**Task instructions**
Only one stretch of the data below is needed. Output the lines from the one with "22-11 мм 24-12" up to and including the one with "Framed Print : Work With Us Print Concept Framed", exactly as they stand.

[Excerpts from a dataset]
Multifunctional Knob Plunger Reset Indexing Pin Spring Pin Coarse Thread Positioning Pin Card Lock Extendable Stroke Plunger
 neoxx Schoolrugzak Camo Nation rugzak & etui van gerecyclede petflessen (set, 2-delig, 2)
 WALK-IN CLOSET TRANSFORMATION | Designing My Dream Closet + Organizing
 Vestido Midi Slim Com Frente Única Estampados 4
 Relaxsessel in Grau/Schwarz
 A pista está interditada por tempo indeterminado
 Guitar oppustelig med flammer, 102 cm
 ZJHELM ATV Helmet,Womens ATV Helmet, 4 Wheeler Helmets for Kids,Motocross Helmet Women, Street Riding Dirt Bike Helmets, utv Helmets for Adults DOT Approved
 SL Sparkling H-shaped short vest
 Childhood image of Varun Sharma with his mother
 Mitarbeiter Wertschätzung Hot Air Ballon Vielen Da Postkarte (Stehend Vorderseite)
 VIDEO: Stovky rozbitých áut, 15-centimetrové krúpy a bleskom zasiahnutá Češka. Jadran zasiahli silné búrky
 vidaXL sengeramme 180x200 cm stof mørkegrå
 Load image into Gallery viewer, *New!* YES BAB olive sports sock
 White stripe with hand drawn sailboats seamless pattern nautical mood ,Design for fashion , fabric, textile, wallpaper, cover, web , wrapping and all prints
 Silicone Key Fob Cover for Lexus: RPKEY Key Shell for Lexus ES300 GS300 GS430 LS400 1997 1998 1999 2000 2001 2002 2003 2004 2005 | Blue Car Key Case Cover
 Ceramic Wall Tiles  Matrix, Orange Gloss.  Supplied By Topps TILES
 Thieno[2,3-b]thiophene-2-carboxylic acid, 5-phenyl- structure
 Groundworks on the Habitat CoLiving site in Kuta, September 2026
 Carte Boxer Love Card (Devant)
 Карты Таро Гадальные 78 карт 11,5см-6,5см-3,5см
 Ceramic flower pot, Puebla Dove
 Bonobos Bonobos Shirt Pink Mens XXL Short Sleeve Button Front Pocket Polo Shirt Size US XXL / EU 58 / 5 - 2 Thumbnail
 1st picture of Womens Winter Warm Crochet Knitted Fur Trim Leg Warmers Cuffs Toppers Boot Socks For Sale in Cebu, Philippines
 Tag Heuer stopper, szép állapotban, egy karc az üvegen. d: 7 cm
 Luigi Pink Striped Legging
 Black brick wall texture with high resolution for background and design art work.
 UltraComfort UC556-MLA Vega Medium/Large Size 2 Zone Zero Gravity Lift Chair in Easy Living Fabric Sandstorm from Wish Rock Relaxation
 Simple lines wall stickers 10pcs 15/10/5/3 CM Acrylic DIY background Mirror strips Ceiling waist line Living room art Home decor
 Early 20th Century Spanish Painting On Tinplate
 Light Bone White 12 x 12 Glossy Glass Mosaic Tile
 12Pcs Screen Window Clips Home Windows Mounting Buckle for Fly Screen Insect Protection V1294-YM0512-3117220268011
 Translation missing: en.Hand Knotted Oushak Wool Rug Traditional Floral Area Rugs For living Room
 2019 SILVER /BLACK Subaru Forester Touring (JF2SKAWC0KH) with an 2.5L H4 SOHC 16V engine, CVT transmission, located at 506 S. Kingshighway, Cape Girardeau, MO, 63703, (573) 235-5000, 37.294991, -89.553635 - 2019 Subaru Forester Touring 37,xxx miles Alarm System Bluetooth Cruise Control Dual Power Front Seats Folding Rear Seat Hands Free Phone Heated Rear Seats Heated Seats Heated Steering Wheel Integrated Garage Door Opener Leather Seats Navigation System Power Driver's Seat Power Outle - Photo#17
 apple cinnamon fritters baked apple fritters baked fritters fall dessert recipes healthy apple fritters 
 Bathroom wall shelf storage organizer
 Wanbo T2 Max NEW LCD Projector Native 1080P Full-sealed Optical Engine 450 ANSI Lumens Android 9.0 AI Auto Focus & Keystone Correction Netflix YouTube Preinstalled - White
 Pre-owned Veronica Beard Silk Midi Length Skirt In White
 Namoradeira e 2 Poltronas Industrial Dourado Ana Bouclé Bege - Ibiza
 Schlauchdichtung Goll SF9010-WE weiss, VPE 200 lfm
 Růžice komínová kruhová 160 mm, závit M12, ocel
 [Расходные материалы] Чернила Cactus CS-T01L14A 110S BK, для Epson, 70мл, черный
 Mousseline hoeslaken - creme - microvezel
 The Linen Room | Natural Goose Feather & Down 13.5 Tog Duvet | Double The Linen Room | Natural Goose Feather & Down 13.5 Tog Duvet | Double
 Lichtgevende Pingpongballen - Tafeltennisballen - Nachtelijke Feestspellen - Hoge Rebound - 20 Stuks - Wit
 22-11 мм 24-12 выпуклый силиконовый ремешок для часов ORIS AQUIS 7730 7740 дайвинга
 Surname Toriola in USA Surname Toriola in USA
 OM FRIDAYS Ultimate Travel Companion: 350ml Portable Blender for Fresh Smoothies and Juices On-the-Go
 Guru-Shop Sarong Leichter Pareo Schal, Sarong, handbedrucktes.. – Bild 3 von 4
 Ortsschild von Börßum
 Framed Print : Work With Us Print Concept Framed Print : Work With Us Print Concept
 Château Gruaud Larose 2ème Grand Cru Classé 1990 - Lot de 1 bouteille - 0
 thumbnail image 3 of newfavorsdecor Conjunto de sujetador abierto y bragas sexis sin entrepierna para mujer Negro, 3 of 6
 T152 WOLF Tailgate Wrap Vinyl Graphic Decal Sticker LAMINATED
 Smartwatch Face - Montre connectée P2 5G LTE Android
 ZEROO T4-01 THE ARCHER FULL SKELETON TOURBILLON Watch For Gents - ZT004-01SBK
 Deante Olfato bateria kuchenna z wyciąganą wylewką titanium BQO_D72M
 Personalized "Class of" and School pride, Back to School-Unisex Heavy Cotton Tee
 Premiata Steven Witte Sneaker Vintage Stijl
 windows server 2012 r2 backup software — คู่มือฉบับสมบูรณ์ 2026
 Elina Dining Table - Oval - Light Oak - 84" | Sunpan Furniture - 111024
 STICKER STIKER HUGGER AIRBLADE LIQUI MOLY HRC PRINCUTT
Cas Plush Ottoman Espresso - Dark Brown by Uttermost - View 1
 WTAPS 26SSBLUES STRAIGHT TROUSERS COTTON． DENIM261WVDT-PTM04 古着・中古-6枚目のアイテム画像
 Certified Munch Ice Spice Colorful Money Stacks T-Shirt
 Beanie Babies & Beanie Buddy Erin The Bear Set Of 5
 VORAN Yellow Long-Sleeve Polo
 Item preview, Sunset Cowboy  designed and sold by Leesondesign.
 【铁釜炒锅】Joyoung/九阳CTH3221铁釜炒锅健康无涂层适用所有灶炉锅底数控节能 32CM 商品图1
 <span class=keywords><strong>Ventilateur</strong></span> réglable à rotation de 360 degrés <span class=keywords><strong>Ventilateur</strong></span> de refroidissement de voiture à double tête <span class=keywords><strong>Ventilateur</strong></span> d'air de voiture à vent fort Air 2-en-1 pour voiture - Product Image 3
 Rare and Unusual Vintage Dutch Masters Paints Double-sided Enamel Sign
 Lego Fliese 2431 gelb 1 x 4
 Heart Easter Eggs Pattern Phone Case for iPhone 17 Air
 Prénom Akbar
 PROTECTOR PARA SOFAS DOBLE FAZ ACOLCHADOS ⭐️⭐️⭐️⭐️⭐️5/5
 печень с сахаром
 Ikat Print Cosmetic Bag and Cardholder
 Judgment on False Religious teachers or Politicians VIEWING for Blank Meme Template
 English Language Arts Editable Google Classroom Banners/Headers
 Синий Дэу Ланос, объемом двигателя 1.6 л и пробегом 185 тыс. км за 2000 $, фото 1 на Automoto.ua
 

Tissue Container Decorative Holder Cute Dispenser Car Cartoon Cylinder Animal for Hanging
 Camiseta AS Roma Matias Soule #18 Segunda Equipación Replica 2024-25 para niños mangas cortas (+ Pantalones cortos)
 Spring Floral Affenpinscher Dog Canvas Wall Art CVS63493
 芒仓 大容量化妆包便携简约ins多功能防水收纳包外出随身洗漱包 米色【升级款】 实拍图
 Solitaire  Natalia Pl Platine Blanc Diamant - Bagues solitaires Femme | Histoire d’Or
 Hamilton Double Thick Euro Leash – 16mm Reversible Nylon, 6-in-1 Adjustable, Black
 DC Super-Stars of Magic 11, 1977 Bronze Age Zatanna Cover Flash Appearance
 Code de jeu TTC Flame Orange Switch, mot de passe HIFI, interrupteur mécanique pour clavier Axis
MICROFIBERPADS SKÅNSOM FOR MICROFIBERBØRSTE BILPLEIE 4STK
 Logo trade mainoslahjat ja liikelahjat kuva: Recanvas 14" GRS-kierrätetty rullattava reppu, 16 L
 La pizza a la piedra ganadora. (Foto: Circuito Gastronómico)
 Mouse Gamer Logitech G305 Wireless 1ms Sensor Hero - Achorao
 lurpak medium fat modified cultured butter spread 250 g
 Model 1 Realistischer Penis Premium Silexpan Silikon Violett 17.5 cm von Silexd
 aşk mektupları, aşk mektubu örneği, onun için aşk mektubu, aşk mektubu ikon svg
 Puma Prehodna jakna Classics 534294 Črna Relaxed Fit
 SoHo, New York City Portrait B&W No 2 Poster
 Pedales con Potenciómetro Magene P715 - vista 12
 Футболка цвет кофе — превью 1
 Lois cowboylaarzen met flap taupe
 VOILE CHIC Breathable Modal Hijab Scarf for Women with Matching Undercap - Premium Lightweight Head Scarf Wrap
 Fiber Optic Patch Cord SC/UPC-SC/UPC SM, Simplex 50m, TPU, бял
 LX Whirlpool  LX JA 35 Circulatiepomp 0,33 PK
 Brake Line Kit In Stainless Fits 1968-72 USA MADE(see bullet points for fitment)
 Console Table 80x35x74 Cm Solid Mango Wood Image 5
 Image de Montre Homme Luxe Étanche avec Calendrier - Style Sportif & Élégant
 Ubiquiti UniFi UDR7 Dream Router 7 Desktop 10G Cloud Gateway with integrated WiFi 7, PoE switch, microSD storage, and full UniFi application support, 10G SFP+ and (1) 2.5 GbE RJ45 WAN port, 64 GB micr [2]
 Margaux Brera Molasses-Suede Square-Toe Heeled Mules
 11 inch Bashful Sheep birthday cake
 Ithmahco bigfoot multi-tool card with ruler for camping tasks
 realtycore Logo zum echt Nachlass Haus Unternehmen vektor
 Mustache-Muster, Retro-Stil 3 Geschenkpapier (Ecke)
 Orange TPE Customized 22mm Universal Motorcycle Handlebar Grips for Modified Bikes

**Finished task**
 22-11 мм 24-12 выпуклый силиконовый ремешок для часов ORIS AQUIS 7730 7740 дайвинга
 Surname Toriola in USA Surname Toriola in USA
 OM FRIDAYS Ultimate Travel Companion: 350ml Portable Blender for Fresh Smoothies and Juices On-the-Go
 Guru-Shop Sarong Leichter Pareo Schal, Sarong, handbedrucktes.. – Bild 3 von 4
 Ortsschild von Börßum
 Framed Print : Work With Us Print Concept Framed Print : Work With Us Print Concept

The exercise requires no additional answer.